The first observation is that most students in this population don't seem to have high alcohol consumption.
- absence - this is by far the biggest indicator of high alcohol consumption. Short absences tend to be good indicators of high alcohol use. In the paper, absence was treated as another target variable for another experiment and most likely not even considered for this model.
- G1 (scores for first period) - low to medium scores in the first period seem to be indicative of high alcohol use, possibly because of the effects of hangover?
- age (high) - there seems to be more high alcohol consumers among older students in the 16-19 age group. The dataset has students from 15-22, but the number of students who are older than 19 seem quite small.
- sex (male) - there seems to be more high alcohol consumers among boys than girls. This agrees with the paper (this is their #1 feature).
- goout (high) - there seem to be more high alcohol consumers among students who go out more often. This is also observed in the paper (it is their #2 feature).
- famrel (high) - somewhat counter-intuitively, more high alcohol consumers are observed to come from families where the quality of relationships are good to excellent.
- health (good) - high alcohol consumers are found more among students that are in good health. This is also observed in the paper (#6).
- traveltime (low) - more high alcohol consumers are found among students who live close to campus compared to those that live further away. Perhaps this gives them a sense of complacence when they are out drinking late at night. While this feature is observed in the paper as well, they note that high travel times are indicative of high alcohol consumption.
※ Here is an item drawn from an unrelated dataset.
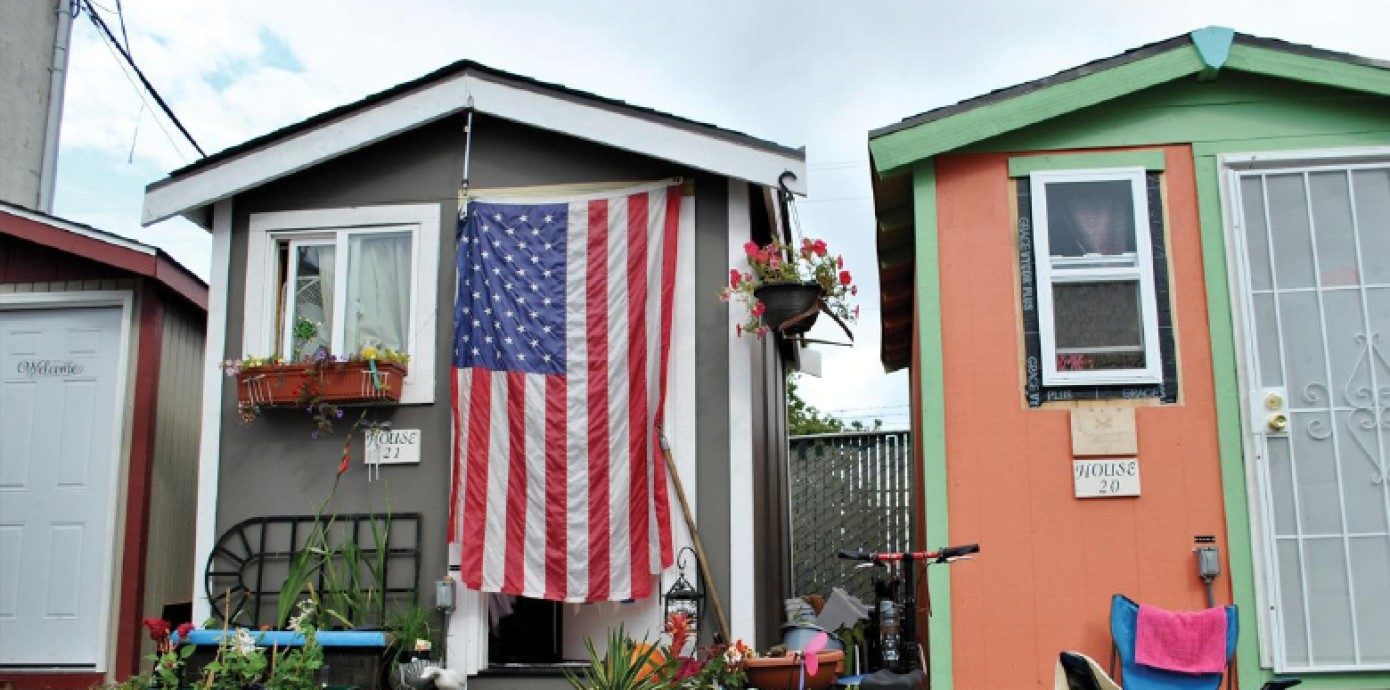 Click to enlarge tiny houses, Seattle Licton Springs Village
- studytime (low) - more people who study for less time tend to be high alcohol consumers. Perhaps this may be a consequence rather than a cause?
- freetime (high) - more people with higher free time tend to be high alcohol consumers as well. This looks similar to the observation about study times, but in reverse.
- G3 (high) - yet another counter-intuitive observation, people with high alcohol consumption tend to do better in the 3rd period (presumably after their hangovers have passed). Maybe high alcohol users tend to be innately good students with higher confidence in their abilities (hence the drinking), which shows up in these higher scores?
- Fjob:service (not) - more high alcohol users are found among students whose father is not in the civil service according to this observation. Perhaps this is because fathers in the civil service are well-connected and they (or their connections) can swing by for surprise visits? The paper makes a similar observation about the father working (#13), although not specifically about the father being in the civil service.
- famsize (small) - more high alcohol users come from small families than large ones. This is also observed in the paper (#9).
- address (urban) - more high alcohol users come from urban families than rural ones.
- Medu (extreme) - a higher number of high alcohol users are observed among students whose mothers have either very little or a lot of education. This is similar to the observation in the paper where they note this effect where the mother's education is low (#5).
And that's all I have for today. While this exercise got me working with XGBoost, the API is quite similar and it was all quite painless. More than learning about how to use XGBoost, I had more fun analyzing the model. Its probably because school (although not high school for me) and alcohol is something most of us can relate to. In any case, I hope you enjoyed reading about it.